Postgresql – Optimizing Postgres query

indexperformancepostgresqlpostgresql-performance

I've got a one to one relation from users to addresses table.
Where one user can have one search address and one verified address.

I've got two indexes on addresses table :

  • Index on state field
  • Index on user_id

I'm trying to fetch addresses for certain users only, and those addresses whose state is other than manual_verification.

Here is my query:

SELECT users.id 
FROM "users" INNER JOIN addresses 
     ON  addresses.user_id = users.id 
     and addresses.type = 'VerifiedAddress' 
WHERE ("users".deleted_at IS NULL) 
  AND (users.id in (11144,10569,21519,783,15671,21726,17787,11665,
                    19579,12226,1324,9413,5461,20981,12906) 
  and addresses.state != 'manual_verification')

Explain for the query above :
http://explain.depesz.com/s/rTj

It takes 37 ms. Sometimes more depending on the number of users.

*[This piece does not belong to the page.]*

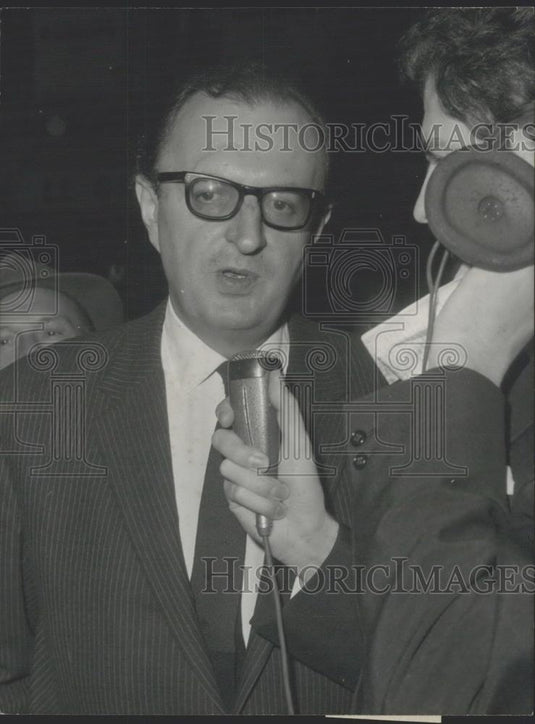 1964 Press Photo Goncourt Prize Goes To George Conchon For Book "The Wild State" - Historic Images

I think this is a good query, however our team needs to investigate around this, and I'm looking for some optimization tips. I mean I did the one field select, there is a index on user_id (addresses) and state (addresses).

Is there anything else I can do/try?

Update

I found out that this query works much faster:

 SELECT "addresses"."user_id" 
    FROM "addresses" 
    WHERE "addresses"."type" IN ('VerifiedAddress') 
    AND (user_id in (9681,23824,23760,20098,962,14730,12294,9552,534,
                     553,5837,6768,6583,956,24179) and state != 'manual_verification')

Explain for this query:
http://explain.depesz.com/s/nHrr

Best Answer

I'm trying to fetch addresses for certain users only ...

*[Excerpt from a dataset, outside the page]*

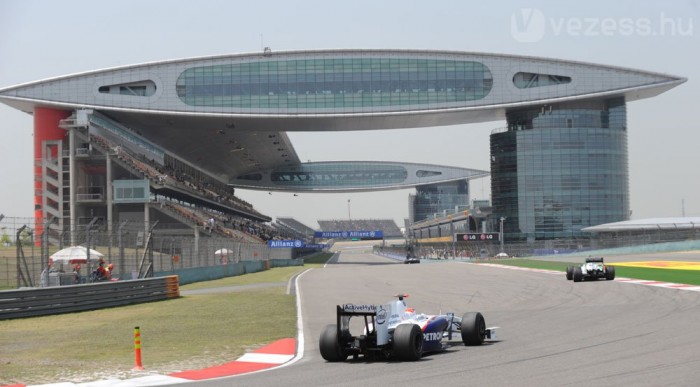 KERS ide, KERS oda, a BMW gyenge volt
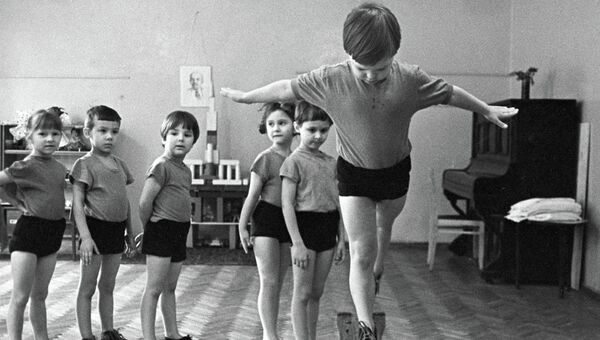 Дети на занятиях физкультурой, архивное фото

IN does not scale well with big lists. Compare performance to unnest() / JOIN

SELECT a.*
FROM   unnest(ARRAY[9681,23824,23760,20098,962,14730,12294,9552,534,
                    553,5837,6768,6583,956,24179]) AS t(user_id)
JOIN   addresses a USING (user_id)
WHERE  a.type  =  'VerifiedAddress'
AND    a.state <> 'manual_verification'

I hope state and type are at least enum types. Otherwise you should normalize your database design. Have lookup-tables for state and type and only use a small IDs referencing entries there. Makes the addresses table smaller and everything faster.

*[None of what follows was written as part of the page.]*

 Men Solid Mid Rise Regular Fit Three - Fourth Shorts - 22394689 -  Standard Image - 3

Assuming all columns NOT NULL for lack of information.

Partial index

If you need it faster still, and if there are more than a few rows with type <> 'VerifiedAddress' or state = 'manual_verification', a partial index would help some more. The gain grows with the percentage of rows you can exclude from the index.

CREATE INDEX addresses_selection_idx ON addresses (user_id)
WHERE  type  =  'VerifiedAddress'
AND    state <> 'manual_verification';

Be sure to use matching WHERE conditions in your query to allow Postgres to use this index. And weigh the benefit of tailored indexes against their cost (maintenance, extra disk space, small penalty for write operations).